From there we strolled over to the right bank, enjoyed a little patisserie and wandered through the  Samaritaine department store whose interior has been beautifully restored. It was enough to walk the aisles admiring the restoration and avoiding paying thousands of dollars for any of the merchandise. We stopped for lunch at a sidewalk cafe on the way to the Picasso Museum which has also been renovated since our last visit. To be honest, I don’t get Picasso. I can respect his creativity and inventiveness but don’t love most of his works. Having already walked almost four miles thus far today, we taxied back to our hotel for some rest.


Dinner was a real treat. One of the main reasons we wanted to come to Paris was to visit with a former client and friends—Ghislain and Catherine de Vogue. He is of the Moet family and we’ve been long distance friends for more than 25 years. He is 92 and she is 91 and recently recovered from cancer. They are in remarkably good shape and quite sharp. So it was special to see them for dinner and have champagne (of course) in their exquisite apartment on the Seine looking to Notre Dame. We had dinner at Le Bistro de Paris and talked for hours about politics, family, and life. It was a wonderful visit and we felt very lucky to have spent time with them.


Our last day in Paris was half over before it started. Thanks to a little chemistry we both slept until noon—unheard of. We finally bestirred ourselves and walked a block to have omelet

lunches, and then the rain came. Good thing we had our new rain jackets bought on our recent trip to Boulder. They came in handy as we made our way to Fabrice, Betsey’s favorite store in Paris where some new earrings awaited. Because the rain was coming down heavily, we stopped at a Patisserie for my first pan au chocolate of the trip.
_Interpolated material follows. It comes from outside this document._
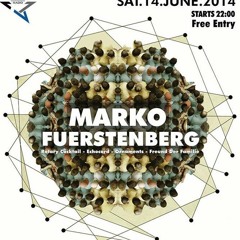 TRUSTRADIO pres. MARKO FUERSTENBERG  // 14 JUNE 2014 // SENZA // Free Entry // AUDIO JINLGE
With the sun out we wandered along left bank streets into the Luxembourg gardens which did not disappoint. Then back to our hotel to deal with some Verizon internet issues which have hopefully been solved.


We headed to the Marais district for dinner with our nephews Sol and David. They are great. They live in Paris and are successful creative directors represented by a production company here in Paris. We hadn’t seen them in quite a while and it was fun to catch up. We dined at Derrière, a very good sort of funky restaurant and talked for hours.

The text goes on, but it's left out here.